Under fire, former South African President Jocab Zuma, finally surrendered himself to the police late Wednesday after failing in his legal and political attempts to delay serving the 15-month sentence imposed on him by the Constitutional Court last week.
The apex court found Zuma, 79, guilty of contempt for failing to appear to answer corruption charges during his time in office (2013-18).
In handing down the 15-month jail sentence last Friday, the court gave him three days to report himself to the police or be arrested by mid-night Wednesday.
Defiant Zuma had rallied political support with his supporters forming a “human shield” in his home in Kwazulu Natal province. He also launched legal challenges at a High Court and the Constititional Court aimed at setting aside the prison sentence.

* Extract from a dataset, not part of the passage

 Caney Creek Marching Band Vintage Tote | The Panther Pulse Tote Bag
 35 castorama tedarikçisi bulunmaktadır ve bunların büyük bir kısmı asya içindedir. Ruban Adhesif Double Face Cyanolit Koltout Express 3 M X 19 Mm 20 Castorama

The High Court heard application on Tuesday had reserved ruling until Friday, the same day that the Constititional Court is also expected to hear his appeal.
But having anticipated failure from the attempts, the former anti-apartheid hero, changed his mind and decided to turn himself over to the police.
Senior poilice officers were at his residence for several hours, apparently for negotiations of the modalities before he was driven off in a police vehicle to a nearby prison to begin his jail term.
It is unclear what prompted Zuma’s change of mind, but the development is seen as both a political humiliation for the once revered hero, and victory to judicial independence and democracy on South Africa.
Zuma still has other legal troubles with several corruption cases pending against him in courts, including arms deal dating from the 1990s and the infamous Gupta “state capture” scandal.